The present work is split into both computational and theoretical developments. The com-
putational aspect involves the development of a new high-performance MD code, as well as a
coupler (CPL) library to link it to a continuum solver. The MD code is fully verified, has similar
performance to existing MD software and allows simulation of a wide range of cases. The CPL
library is a robust, flexible and language independent API and the source code has been made
freely available under the GNU GPL v3 license. Both MD and CPL codes are developed to allow
very large scale simulation on high performance computing (HPC) facilities.

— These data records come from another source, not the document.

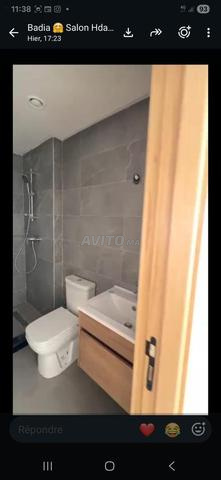 Location studio vide neuf - 2
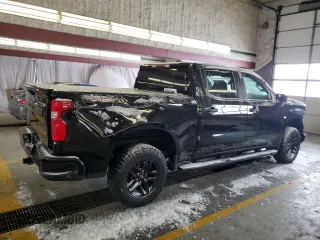 2020 Chevrolet Silverado 1500 Custom Trail Boss with VIN 1GCPYCEFXLZ206321, listed as a Copart auction lot 41848515 with 122,117 mi miles and Salvage Title. Bid and sale history available at DreamBid. Image 3.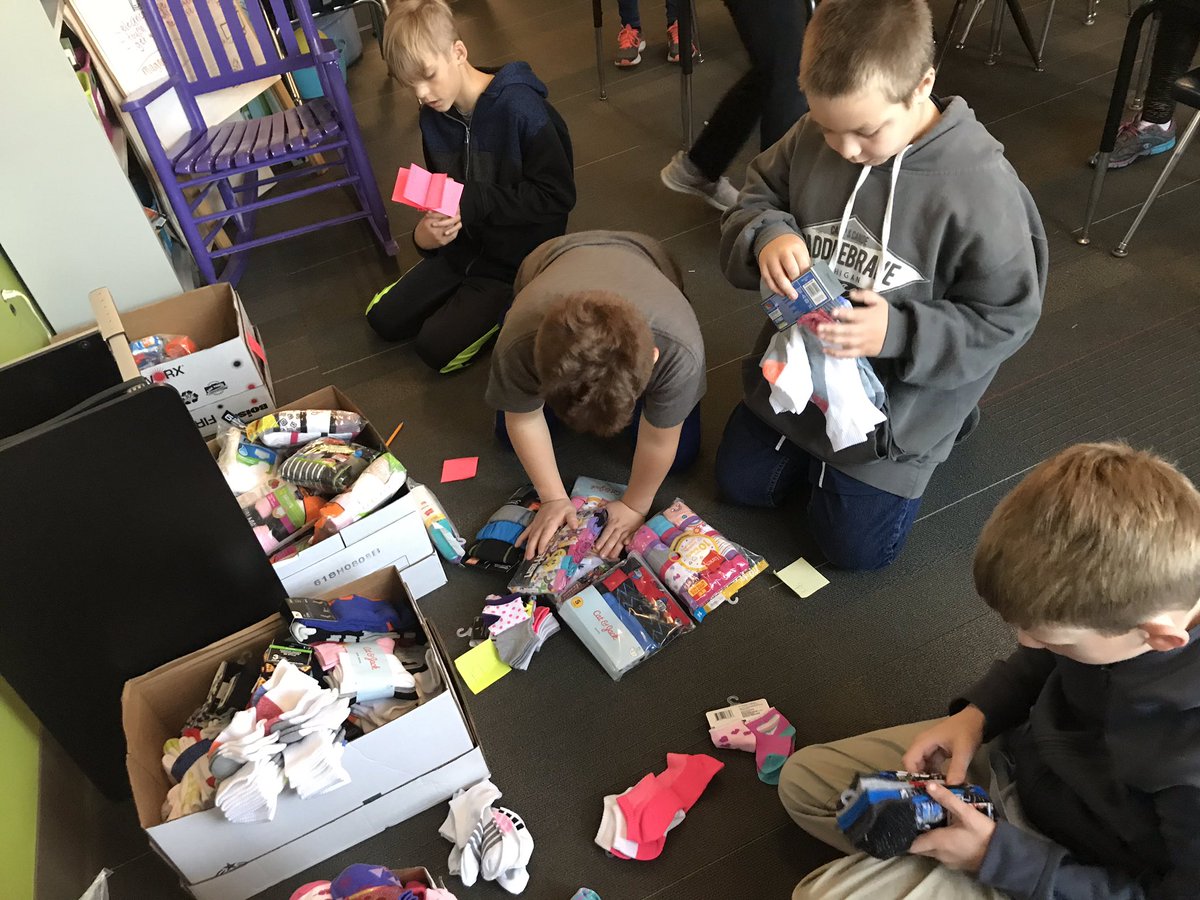 gale_tosto's tweet photo. 865 pairs of socks and underwear donated to the S.O.S. from our school collection for Socktober! #angellisallthat #berkleydiffence https://t.co/AxXuzYHafd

The theoretical aspect includes the development of a rigorous mathematical framework and
its application to develop novel coupling methodologies. The mathematical framework allows
a discrete molecular system to be expressed in terms of the control volume (CV) formulation
from continuum fluid dynamics. A discrete form of Reynolds’ transport theorem is thus obtained
allowing both molecular and continuum systems to be expressed in a consistent manner. This
results in a number of insights into the molecular definition of stress. This CV framework allows
mathematical operations to be localised to a control volume in space. It is ideally suited to apply
coupling constraints to a region in space. To link the CFD and MD solvers in a rigorous and
physically consistent manner, the CV framework is combined with the variational principles of
classical mechanics. The result is a unification of a number of existing equations used in the
coupling literature and a rigorous derivation of a new and more general coupling scheme.